In the design of the emulator system, careful attention is typically devoted to ensuring exact duplication of the legacy hardware behavior so that application programs will run without change and even without recompilation. Exact duplication of legacy operation is highly desirable to accordingly achieve exactly equivalent results during execution.
In order to achieve performance in an emulated system that at least approximates that achieved by the legacy system hardware, or in more general terms, in order to maximize overall performance, it is necessary that the code that performs the emulation be very carefully designed and very “tightly” coded in order to minimize breaks and maximize performance. These considerations require careful attention to the actual lowest level design details of the host system hardware, that is, the hardware running the software that performs the emulation. It also requires employing as much parallelization of operations as possible.
An Intel Itanium series 64-bit CPU is an excellent platform for building a software emulator of a legacy instruction set because it offers hardware resources that enable a high degree of potential parallelism in the hardware pipeline of the Itanium CPU. The Itanium CPU also provides instructions that allow for fast decision making and guidance by the software as to the most likely path of program flow for a reduction in instruction fetch breaks and overall improved performance. In particular, the Itanium architecture provides instructions that allow preloading of a “branch register” which informs the hardware of the likely new path of the instructions to be executed, with the “branch” instruction itself actually happening later. This minimizes the CPU pipeline breaks that are characteristically caused by branch instructions, and allows for typically well predicted branch instructions to be processed efficiently without CPU pipeline breaks wasting cycles. The branch look-ahead hardware of the Itanium CPU, and in particular a specific mechanism for loading and then using a branch register, allows for the emulation software to achieve a higher degree of overlap and, as a result, higher performance in emulated legacy system instruction processing.

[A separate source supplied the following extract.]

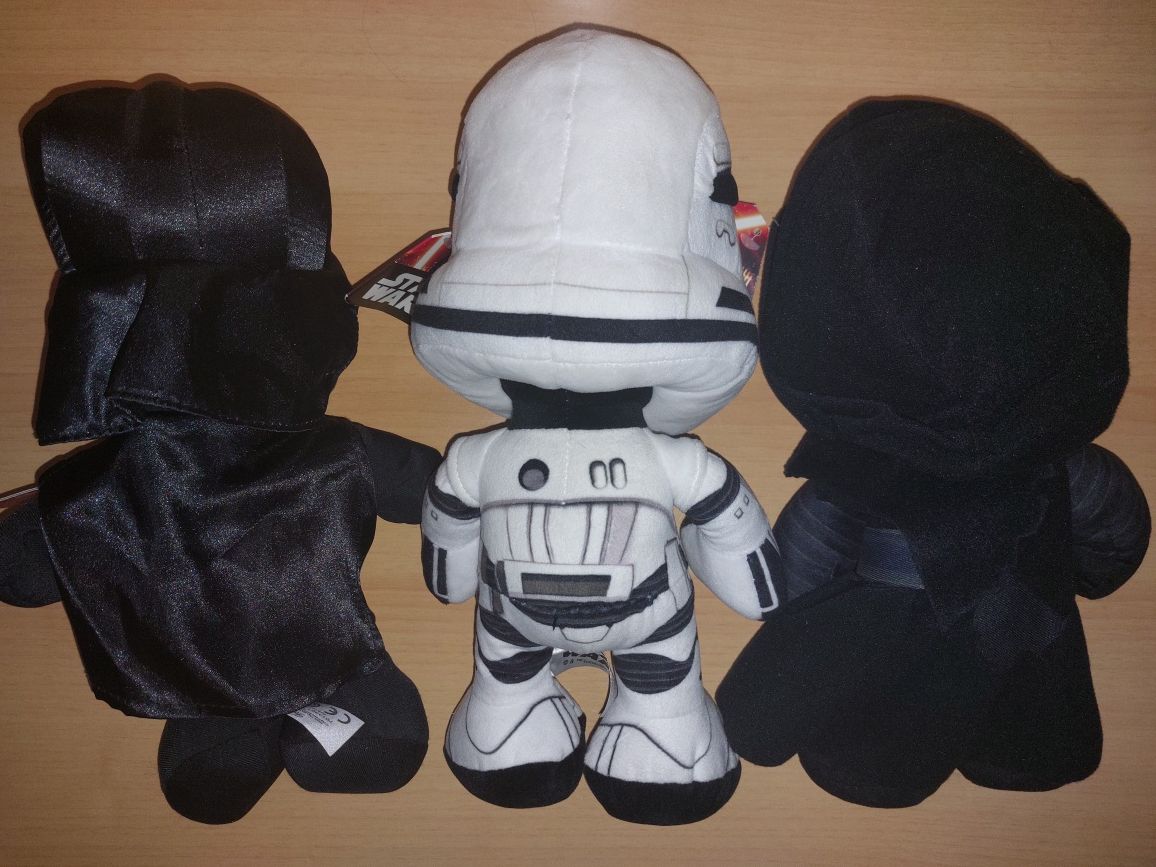 - Artigos Novos - Peluches Grandes 29 Cm Starwars / Disney / Famosa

It is therefore a broad object of this invention to improve performance of a software program for emulation of a legacy instruction set by overlapping in time the processing of multiple legacy system instructions and also to structure the emulation system software in a manner that minimizes the pipeline breaks of the host system hardware. The word “legacy” is intended to refer to the instruction set and system being emulated, and the word “host” is used to refer to the machine which runs the software program performing the instruction set emulation. Branch prediction, branch registers and branch instructions, as exemplified in the Itanium series processors, are uniquely used to achieve instruction processing overlap and high utilization of hardware resources.

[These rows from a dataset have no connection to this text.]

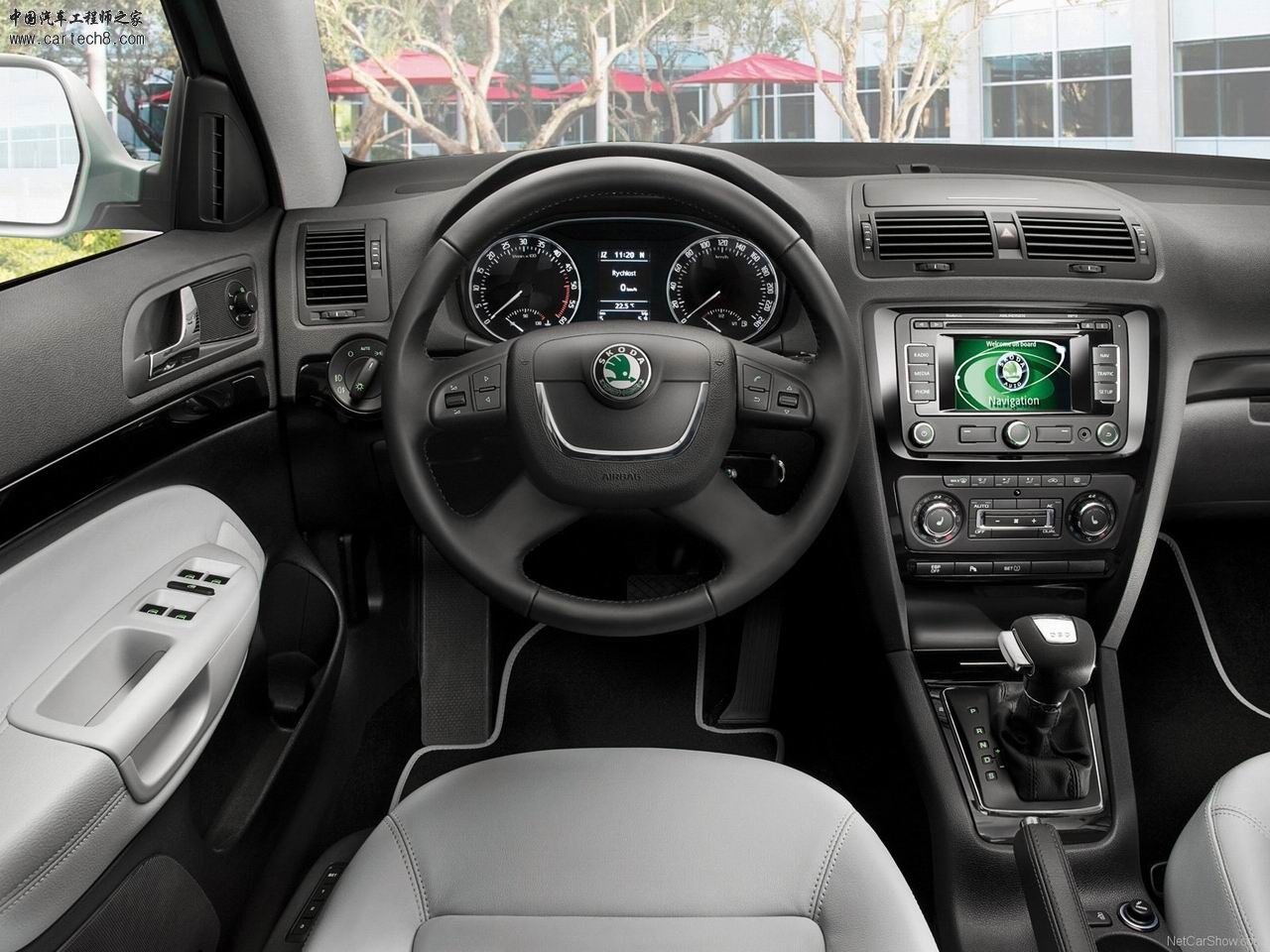 2009-Skoda-Octavia-19.jpg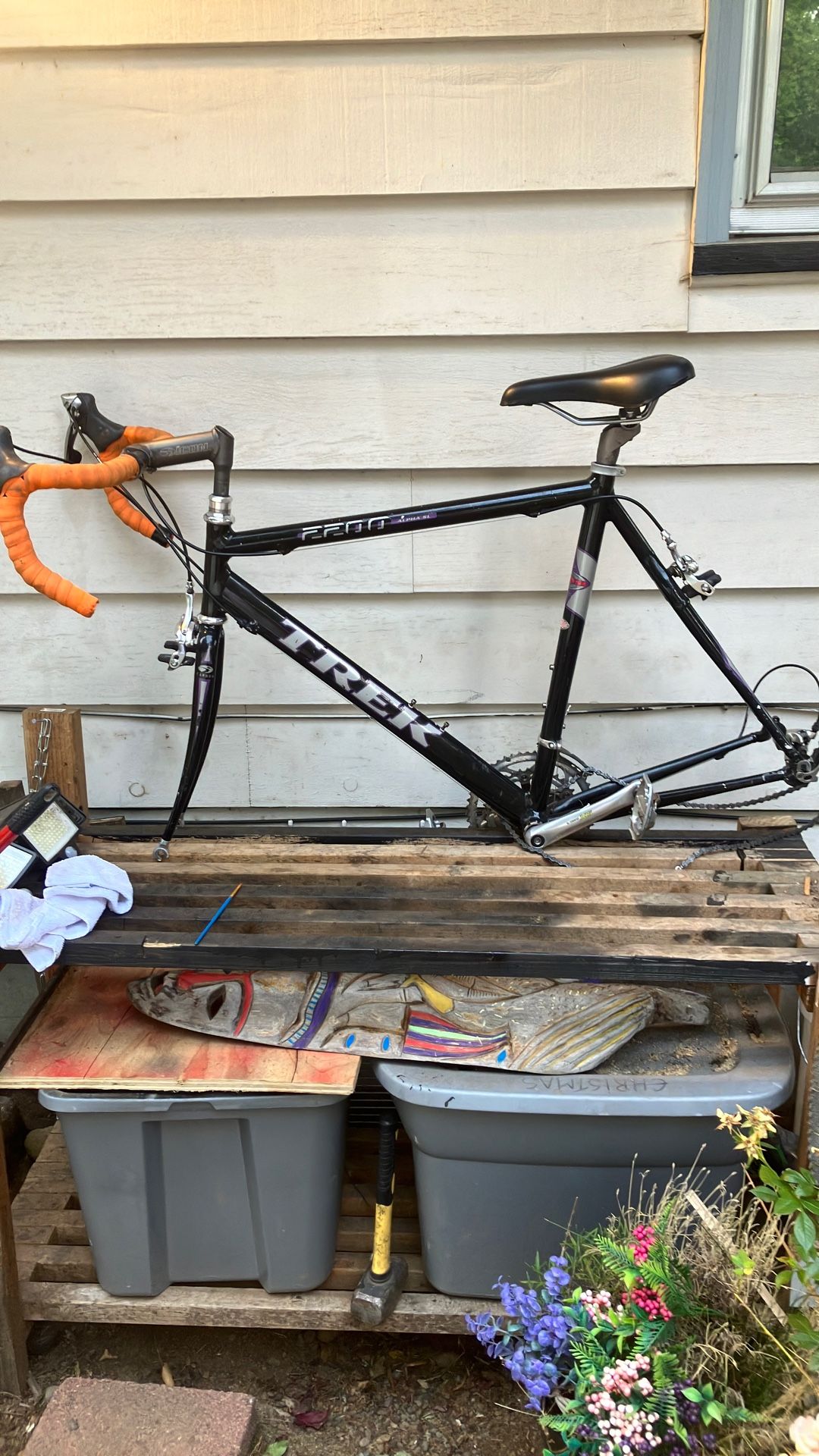 2200 Alpha SL TREK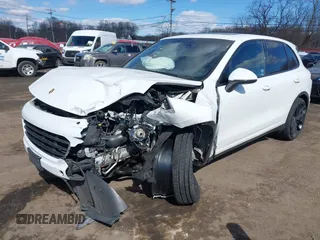2016 Porsche Cayenne with VIN WP1AA2A26GLA02503, listed as a IAAI auction lot 41684700 with 90,495 mi miles. Bid and sale history available at carsss.com. Image 19.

Briefly, these and other objects of the invention are achieved by overlapping, in the emulation software, several major pieces of processing that are required for every instruction, and also utilizing multiple execution units to process the overlapped pieces of the legacy instruction execution to provide for a faster rate of overall legacy instruction processing. This overlap includes: 1) the instruction fetch of the legacy instruction by the emulation software, 2) the branching of the emulation code based upon the opcode of the emulated instruction to be executed and 3) the actual execution processing for each emulated instruction. The branching of the emulation code, depending upon the opcode of each instruction, utilizes special instructions of the host system hardware designed to minimize pipeline breaks and to minimize the minimum processing time for the simplest instructions. Together these improvements both increase the rate of instruction completion of the instructions of the host system by minimizing pipeline breaks, and also decrease the number of host system instructions and cycles required to process each individual legacy system instruction. The three degrees of overlap in this discussion are exemplary and other amounts of overlap could be chosen.
Emulation software, or software which emulates the instruction set of a processor or virtual machine, is somewhat unique in its program flow. Each legacy instruction that is encountered is emulated on the host system in a short burst of code, and this is followed by a subsequent, typically different, burst of code for each subsequent “opcode” or command that is encountered. The aspect that is unique is that the sequence of bursts is unpredictable because the opcodes that are encountered determine the program flow, and the sequence of opcodes encountered changes as every emulated program is processed.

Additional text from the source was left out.